The Riverside Press-Enterprise
Bill Pitman, revered studio guitarist, dies at 102
Bill Pitman, a guitarist who accompanied Frank Sinatra, Elvis Presley, Barbra Streisand and others from the late 1950s to the ‘70s, and who for decades was heard on the soundtracks of countless Hollywood films and television shows, died Thursday night at his home in La Quinta. He was 102.
His wife, Janet Pitman, said he died after four weeks at a rehabilitation center in Palm Springs, where he was treated for a fractured spine suffered in a fall, and the past week at home under hospice care.

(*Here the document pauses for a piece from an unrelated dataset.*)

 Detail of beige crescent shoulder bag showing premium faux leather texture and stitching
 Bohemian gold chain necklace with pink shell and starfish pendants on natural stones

Virtually anonymous outside the music world but revered within it, Pitman was a member of what came to be called the Wrecking Crew — a loosely organized corps of peerless Los Angeles freelancers who were in constant demand by record producers to back up headline performers. As an ensemble, they turned routine recording sessions and live performances into extraordinary musical moments.
Examples abound: Sinatra’s “Strangers in the Night” (1966). Presley’s
“Blue Hawaii” (1961). Streisand’s “The Way We Were” (1973). The Ronettes’ “Be My Baby” (1963). The Beach Boys’ “Good Vibrations” (1966). On “Raindrops Keep Fallin’ on My Head,” from the Paul Newman-robert Redford hit movie “Butch Cassidy and the Sundance Kid” (1969), Pitman played ukulele.
In a career of nearly 40 years, Pitman played countless gigs for studios and record labels that dominated the pop charts but rarely credited the performers behind the stars. The Wrecking Crew did almost everything: television and film scores; pop, rock and jazz arrangements; even cartoon soundtracks. Whether recorded in a studio or on location, everything was performed with precision and pizazz.
“These were crack session players who moved effortlessly through many different styles: pop, jazz, rockabilly, but primarily the two-minute-thirty-second world of hit records that America listened to all through the sixties and seventies,” Allegro magazine reminisced in 2011. “If it was a hit and recorded in LA, the Wrecking Crew cut the tracks.”